When 13-year-old Tyler Hughes was flown to Wake Forest Baptist Medical Center on Jan. 18 with his left arm nearly severed, the odds didn't seem in his favor.

Dr. Matthew Goldman, a vascular surgeon and assistant professor at Wake Forest Baptist in North Carolina, and his fellow surgical teammates rushed Tyler into the operating room with the hopes of saving his arm.

"To be honest with you, my first impression when I saw his arm was that it would not be salvageable," Goldman said. "But we have experts in a lot of different fields that looked at it. We ran through a checklist of things like if this is there, then maybe we can do this and if this is there, then we can try it."
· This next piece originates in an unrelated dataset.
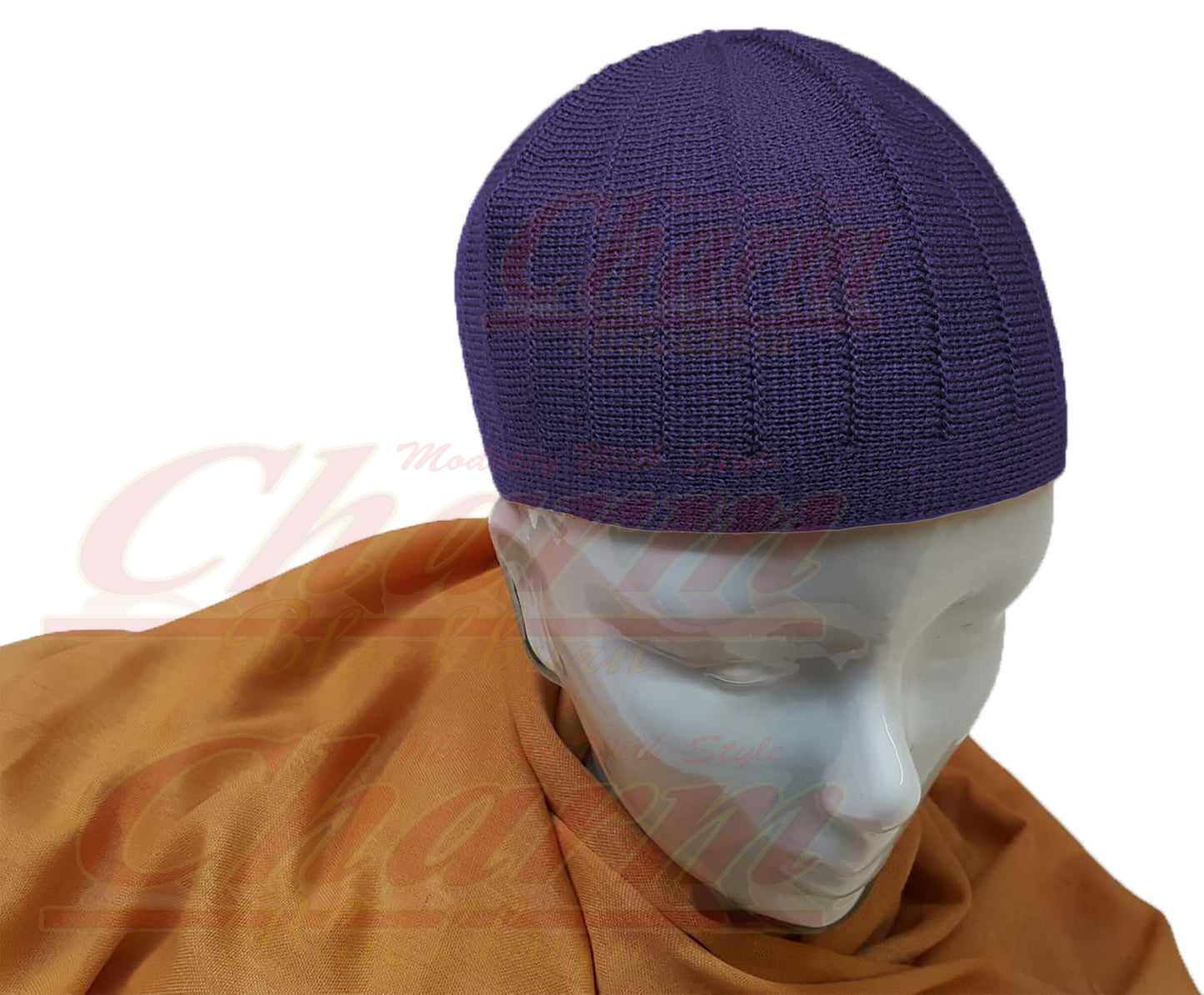 Sleek Boys Mens Kids Skull Beanie Cap Mosque Payer Hat Topi Kufi Islamic Muslim CharmBlackburn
After rushing Tyler into the operating room, Goldman, a Knoxville native, and his team temporarily put a shunt into Tyler's arm to give blood flow to the arm while the orthopedic surgeons fixed his bone. After the bone was fixed, Goldman took a vein from Tyler's leg to reconstruct the artery and two veins in his arm.

Goldman graduated from Webb School of Knoxville in 2000 and went to medical school at East Tennessee State University before heading to Wake Forest Baptist for his surgical training. His father, Dr. Mitchell Goldman, practices at UT Medical Center, and his mom and sister also work as nurses in the area.
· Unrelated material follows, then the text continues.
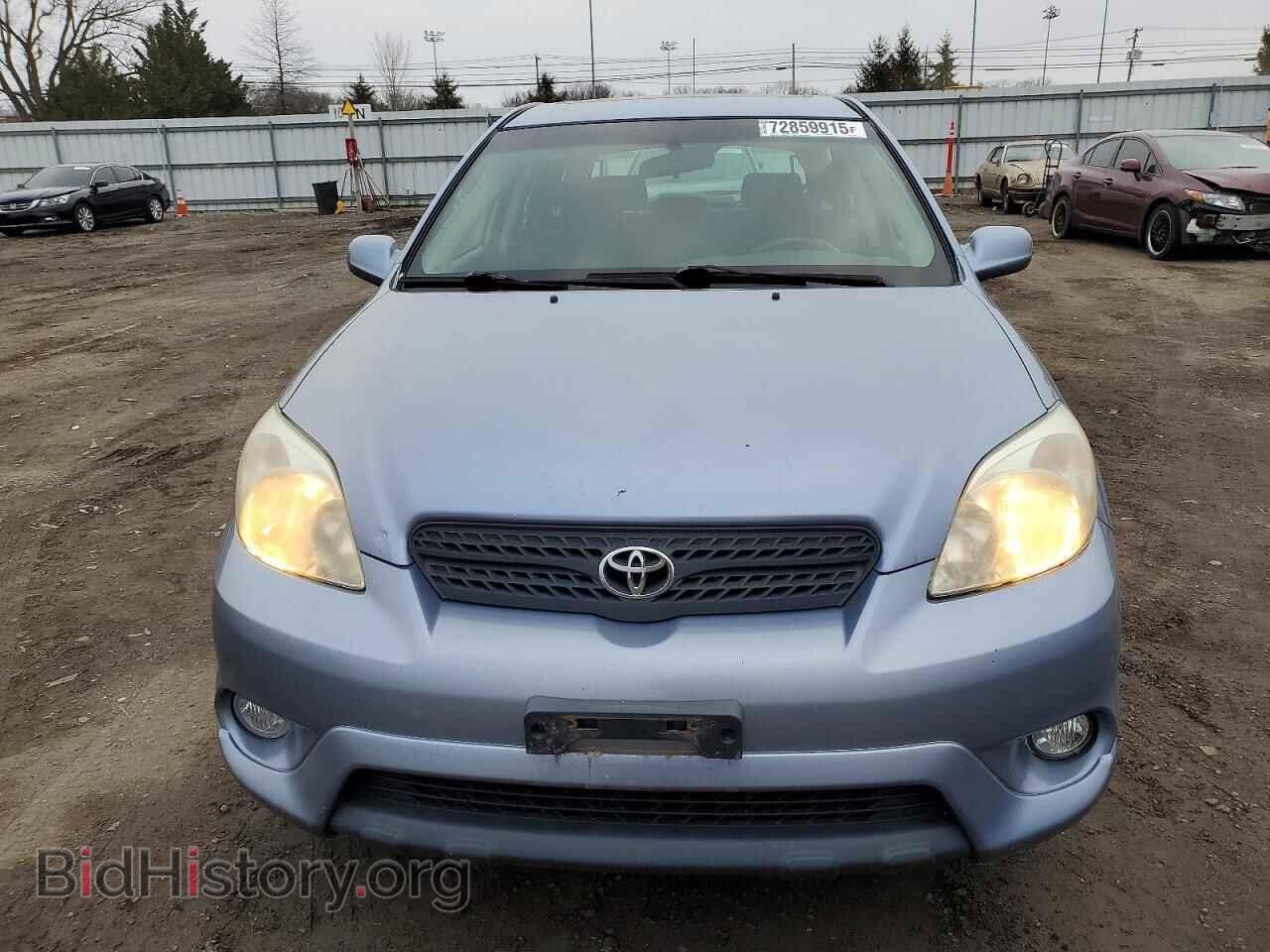 2005 TOYOTA COROLLA - VIN: 2T1LR30E75C477618 - Фото 5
The 9.5-hour surgery was the result of a split-second accident. Tyler Hughes and his best friends, Tyler and Jacob Iles, were riding a side-by-side utility terrain vehicle in the snow when it turned over. A safety feature, the roll bar, landed on his arm, severing it above the elbow.
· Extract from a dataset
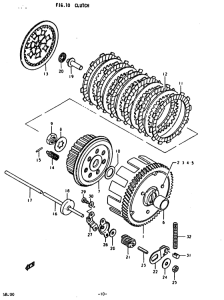 SB200 Бендикс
But Goldman said the surgery didn't save Tyler's life — his mom did.

Mom Crystal Hughes and 11-year-old brother Marshall were down the street from the scene of the accident when it occurred, taking pictures of the heavy snowfall in their Clemmons, North Carolina, neighborhood.

Suddenly, Crystal heard her name through the winter breeze. When she found her injured son, Crystal tied her scarf to his arm and kept him calm. Blood had pooled in Tyler's snowsuit, but Crystal couldn't see that.

Her reason for tying the scarf? "I saw it on TV."

"I have no medical training. I credit that to divine intervention and mother's intuition," Crystal said. "I never once thought he could've been bleeding to death, though. It (didn't occur) to me until many hours later when Dr. Goldman was speaking to my husband and I after the initial 9.5 hours of surgery when he found out I tied the scarf."

"He (Goldman) told us that I saved his life," Crystal added. "It hit me like a ton of bricks."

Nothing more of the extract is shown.